Ci troviamo almeno all’apparenza davanti a un bivio: da un lato c’è l’area metropolitana densa e produttiva come l’abbiamo conosciuta fino a ieri, dall’altra un possibile modello sostenibile molto vicino a uno dei mantra dei verdi di qualche anno fa, la cosiddetta decrescita felice, quella “opportunità” di cui ha parlato recentemente a Domus anche Gilles Clement: meno spostamenti, meno consumi, fuga dalle città e felicità forse nell’immediato non proprio per tutti. Nella realtà però la situazione potrebbe essere più complicata, soprattutto in merito all’equazione che accoppia densità e virus. Secondo una indagine di ProPublica Illinois, alcuni quartieri di Chicago con una bassa densità ma situazioni di affollamento hanno registrato un numero di infezioni superiore a quello di quartieri dove la densità è molto più alta. E come sostiene su Grist, un magazine online di Seattle, James Spencer, professore alla Clemson University, il problema forse sta nel nella necessità di chiarirci bene cosa intendiamo per densità. “La densità riguarda la prossimità fisica nello spazio”, dice Spencer: “ma nessuno ha spiegato bene della densità di cosa stiamo esattamente parlando”.Se lo chiede anche Orizzontale: “nel dibattito architettonico di questi mesi è emerso più volte il tema della densità, da più parti si è detto che il futuro dovrà essere caratterizzato da una densità minore per prevenire ulteriori pandemie.

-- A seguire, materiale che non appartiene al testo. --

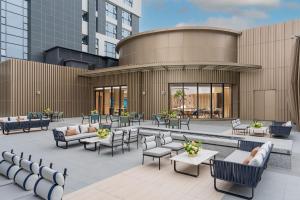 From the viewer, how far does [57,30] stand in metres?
27.6

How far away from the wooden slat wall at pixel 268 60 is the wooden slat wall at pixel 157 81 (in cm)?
156

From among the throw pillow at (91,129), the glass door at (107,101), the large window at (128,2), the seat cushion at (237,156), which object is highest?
the large window at (128,2)

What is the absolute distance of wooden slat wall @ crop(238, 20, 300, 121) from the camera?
55.6 ft

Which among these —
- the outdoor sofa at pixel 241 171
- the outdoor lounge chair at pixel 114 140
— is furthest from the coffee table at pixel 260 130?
the outdoor lounge chair at pixel 114 140

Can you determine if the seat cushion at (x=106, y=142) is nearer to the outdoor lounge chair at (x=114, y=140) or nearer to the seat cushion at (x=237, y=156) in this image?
the outdoor lounge chair at (x=114, y=140)

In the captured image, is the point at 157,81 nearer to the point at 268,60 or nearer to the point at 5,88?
the point at 268,60

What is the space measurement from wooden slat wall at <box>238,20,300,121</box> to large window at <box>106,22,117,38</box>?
79.1ft

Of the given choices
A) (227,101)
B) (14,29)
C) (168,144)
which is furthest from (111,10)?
(168,144)

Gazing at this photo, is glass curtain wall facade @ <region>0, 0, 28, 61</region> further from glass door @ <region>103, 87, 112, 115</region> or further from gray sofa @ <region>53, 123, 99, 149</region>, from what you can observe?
gray sofa @ <region>53, 123, 99, 149</region>

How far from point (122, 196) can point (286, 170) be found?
532 centimetres

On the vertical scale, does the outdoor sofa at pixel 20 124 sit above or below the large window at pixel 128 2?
below

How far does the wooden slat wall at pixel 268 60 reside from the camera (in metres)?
16.9

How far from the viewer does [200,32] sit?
1858 cm

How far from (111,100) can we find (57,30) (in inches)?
555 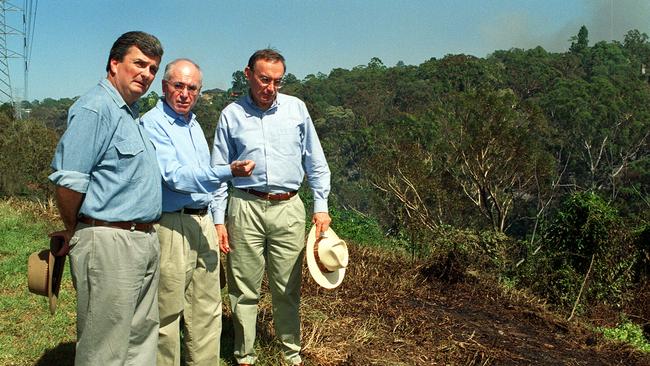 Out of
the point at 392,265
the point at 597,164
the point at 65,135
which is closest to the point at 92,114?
the point at 65,135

Ma ne siamo davvero convinti?”. Il collettivo, parlando dell’Italia, auspica per una nuova direzione, e così come nelle città si lavora per rendere l’esperienza urbana più equa, “così anche a scala territoriale nazionale potremmo in questo modo sperimentare una distribuzione più democratica di persone e risorse, dopo anni di accentramento verso le grandi città”.